Ausencia
La vida
sin amor es patética; con amor, se vuelve trágica. Los amoríos acaban de
cualquier modo y son divertidos, penosos sólo en ocasiones para el amor propio.
Pero el amor, que lo es todo, lo único que puede hacer por quien ama es seguir
amando, hasta que la muerte nos separe. Después no hay reunión posible (Simone
de Beauvoir, al final de La ceremonia de los adioses, se despide así de Jean-Paul Sartre: “Su
muerte nos separa; mi muerte no nos unirá”) pero el amor continúa en la
ausencia, sin consuelo ni desánimo. Por eso es trágico, insustituible, caníbal
de sí mismo, redentor. El dolor principal no es la soledad, que para una
persona mentalmente madura resulta tantas veces bienvenida, sino la ausencia.

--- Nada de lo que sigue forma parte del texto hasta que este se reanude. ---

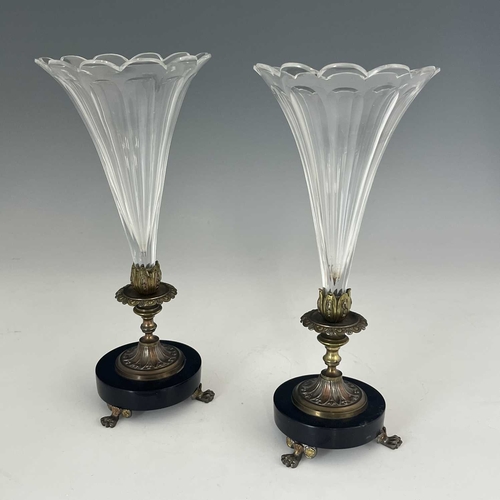 205 - A pair of French and Bohemian tricolour gilt metal, marble and glass vases, circa 1860, the slice cu...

En la ausencia el amor se perpetúa como queja, como culpa de quien nunca más
dejará de echar de menos. Montaigne, refiriéndose a su amigo muerto, dice:
“Íbamos a medias en todo: me parece que le estoy robando su parte”. La
ausencia en el amor no lamenta que nos falte alguien, sino que a quien amamos
le falta ya todo. Ese altruismo póstumo es el único del que es capaz el
egoísmo férreo y trascendental del amor.
La unión amorosa acaba, pero la ausencia no termina nunca. Ocupa con su
remordimiento imposible todo nuestro futuro, por largo que cruelmente podamos imaginarlo. Solo una
perspectiva resulta más insoportable, la traición de que cese un día. “Il
dolore piú atroce è sapere che il dolore passerá”, escribió Pavese. Mantenerse vigilante sin paliativos en la ausencia
es seguir fiel a la presencia borrada del amor. Mejor compañía es lo que no
está y tanto nos falta que los pecios superfluos arrastrados por las mareas
ajenas del mundo... Mañana hace tres años. Fernando
Savater, El País, 17/03/2018.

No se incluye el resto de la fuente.